Like all engaging reality TV stars, the junior chefs are unburdened by self-consciousness, but because they are preteens, this is age-appropriate and not a manifestation of narcissistic personality disorder. They have endearing personalities without all the triangulation and effort that goes into being a “personality.” Jack is a 10-year-old from the Rockaways, an old man stuck in a little boy’s body, with a kind, conciliatory spirit, a tendency to collapse on the floor with relief, a collection of Hawaiian shirts, and an old-school New Yawk accent. Sarah, blond and 9, is scared of nothing but clowns. Troy hides a bossy streak and preternatural skills under SoCal bangs and intonations: “Is it going to be duck, chicken, or horse?” he asks the camera. “You never know, man.” With just two episodes left, the heavy favorite to win the title and $100,000 is also the oldest contestant, 13-year-old Alexander, who seems like he was born in the wrong time: He was meant to be not a kid playing Xbox but a quiet, serious, scholarly master of haute cuisine.

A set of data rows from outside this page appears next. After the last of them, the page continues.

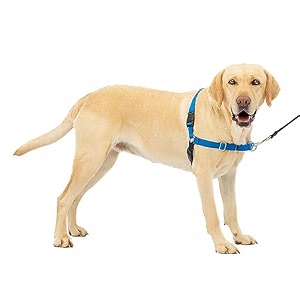 petsafe easy walk harness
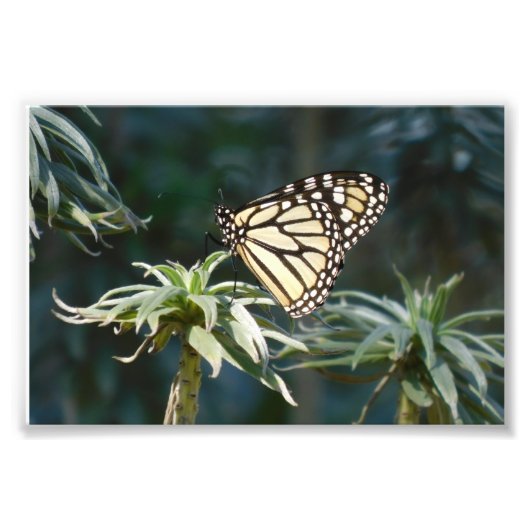 Monarch in Warten Fotodruck (Vorne)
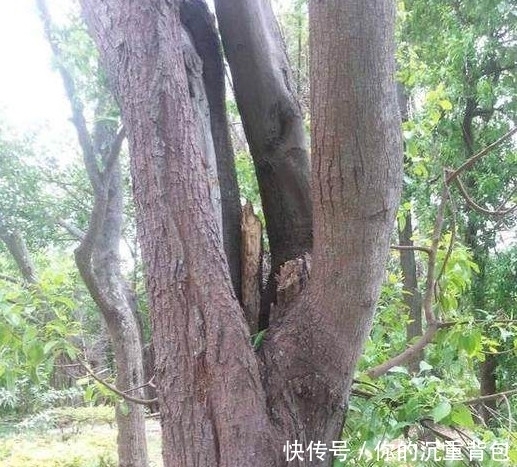 印度老山檀全攻略,看完不上当!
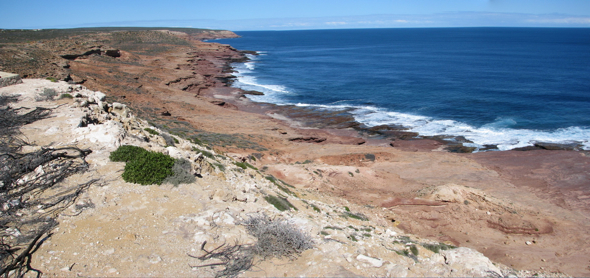 20100820-pan-RedBluff-KalbarriCliffs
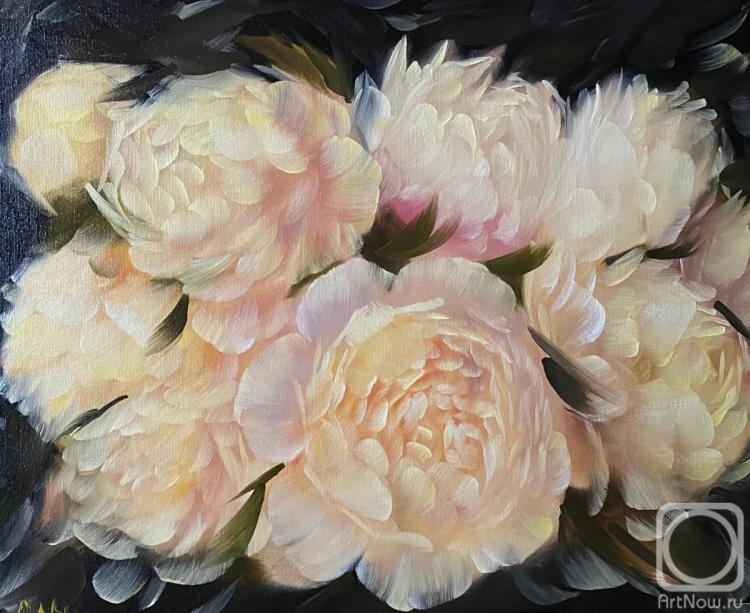 Archilovskaya Anastasiya. Peonies
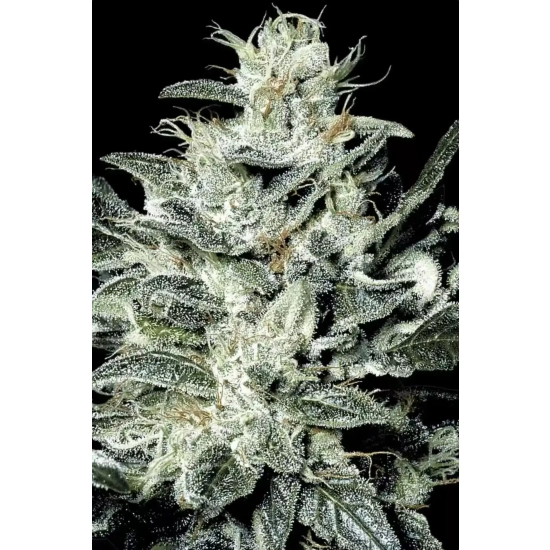 Sensi Star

The junior home cooks discover what is in their Mystery Box.

The junior home cooks discover what is in their Mystery Box.

Courtesy Fox

The mini-chefs face adult-sized challenges—offal, beef Wellington—but the show’s great strength is that it does not treat them quite like adults. Ramsay, who is clearly comfortable with kids, has dialed back the screaming. He is serious and occasionally stern, but fundamentally kind. He doesn’t yell, and he doesn’t condescend. When Sofia falls wildly behind, he rolls up his sleeves and teaches her how to cream butter. When another contestant’s soufflé fails to rise, he gives her concrete advice—“Fill the mold half-full and it will cook twice as fast”—and tells her to go easy on herself. He lets a little girl pour botched and runny whipped cream all over his head. When Sarah tells him to be careful with a pan, he says, “You’re telling me to be careful?” and then thinks better of it, teaching her how to flip her sauté in exchange for her concern. When something tastes bad, he says it simply, without berating: “This is like biting into a mouthful of salt. What a shame.” He seems like a great teacher: a secret softie, fair and demanding, who expects the best.

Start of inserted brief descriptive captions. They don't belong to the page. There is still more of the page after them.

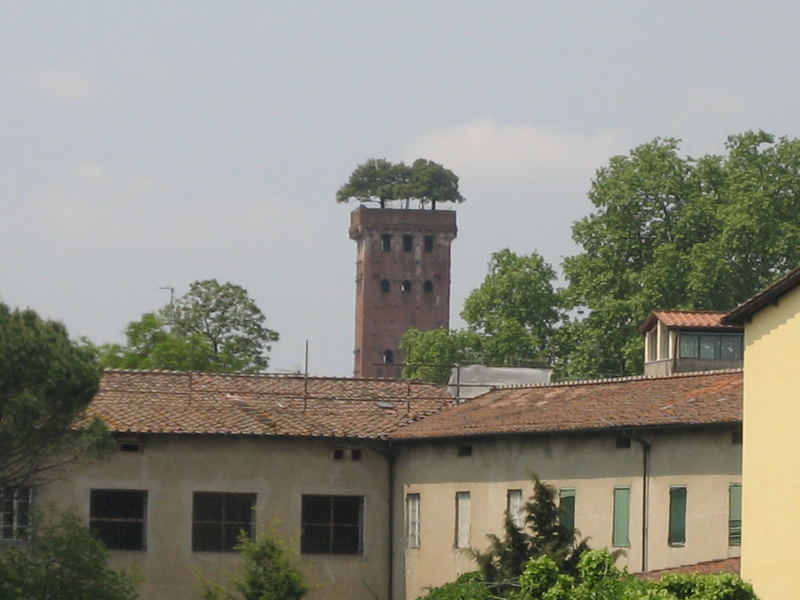 Torre Guinigi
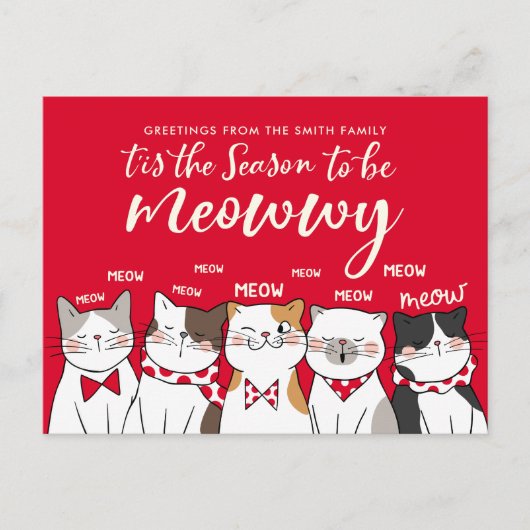 Funny Cats Season be Merry Holiday Greeting Briefkaart (Voorkant)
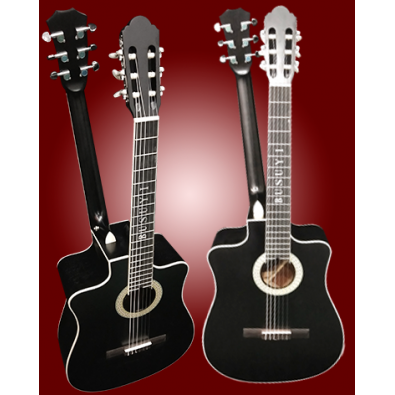 6 String Classical/ 6 String Acoustic/Electric...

And MasterChef Junior does believe that the one of these kids is the best. In a roomful of children who are all demonstrably special, one is still going to be deemed the most special, and so each week the kids are culled, sometimes for doing nothing wrong but having a partner who oversalted the beef. The contestants don’t always take it well, but they take it so much better than just about every grown-up I’ve ever seen getting eliminated from a reality show. They lose, they tear up, they wipe off their tears and then say how much fun they had, and how great they feel to have gone this far. For grown-ups, a competition show is a referendum on their life’s work or dreams. But the kids on MasterChef get to go back to full lives—school, family, hobbies, friends, and yes, cooking—having gotten to spend time in a place as cool as the MasterChef test kitchen, their life’s work still ahead of them. Losing is part of growing up, part of soccer and footraces, hide-and-seek and board games, part of having siblings and teachers and parents. Losing, as much as we can help it, is not a part of being an adult. These kids still know, better than most adults, that the fun part is playing the game.